The country’s dominant carrier has nevertheless continued its growth path in the first three months of the year, despite the implementation of new cost control measures. Despite this, market factors including changes in foreign exchange rates and jet fuel pricing pressure, significantly affected financial results, says the statement.

In the period, revenue grew by 21.1 per cent year-on-year to 114 billion roubles, an improvement influenced by a 14.3 per cent passenger traffic increase to 8.5 million, following an expansion of the airline’s route network and an increase in flight frequencies to some destinations. At the same time, foreign-denominated revenues rose due to the appreciation of the euro against the rouble by 7.1 per cent year-on-year; and there were positive trend in yields (+5.6 per cent year-on-year) and RASK (+4.6 per cent), due to an increase in capacity and currency effects.

Aeroflot says that macroeconomic developments, as well as factors associated with the development of the company led to a 25.8 per cent rise in the cost of sales to 133 billion roubles.
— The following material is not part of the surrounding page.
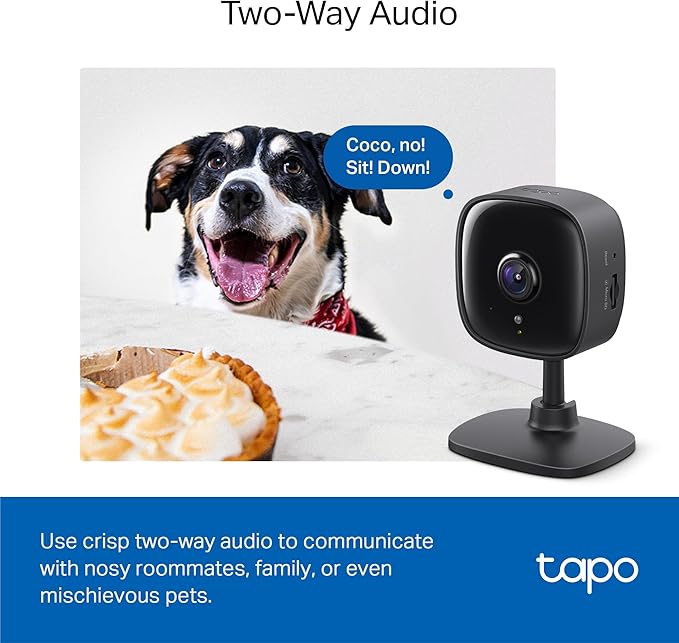 Tapo 1080P Indoor Wired Security Camera - Works as a Baby Monitor & Pet Camera, Motion Detection, 2-Way Audio, Siren, Night Vision, Subscription-Free Local Storage or Optional Cloud, C101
Overshadowing all of this, the main first-quarter 2019 increase in costs was the imposition of rising jet fuel expenses, which rose to 6,199 million roubles (up 24.5 per cent year-on-year) due largely to, among other factors, a 10.4 per cent year-on-year increase in rouble prices for fuel. Despite a 5.4 per cent decrease in the Brent oil price, the increase in jet fuel prices was also driven by a 16 per cent depreciation of the rouble against the dollar.

During the first quarter, leasing and aircraft and engine maintenance costs increased in line with the expansion of Aeroflot’s fleet and its operating leases for 21 aircraft made available during the last 12 months.

Increased costs are also attributed to an increase in ground service expenditure, added costs for air navigation services and, following an increase in traffic and tariffs charged by Russian airports, higher landing and parking fees.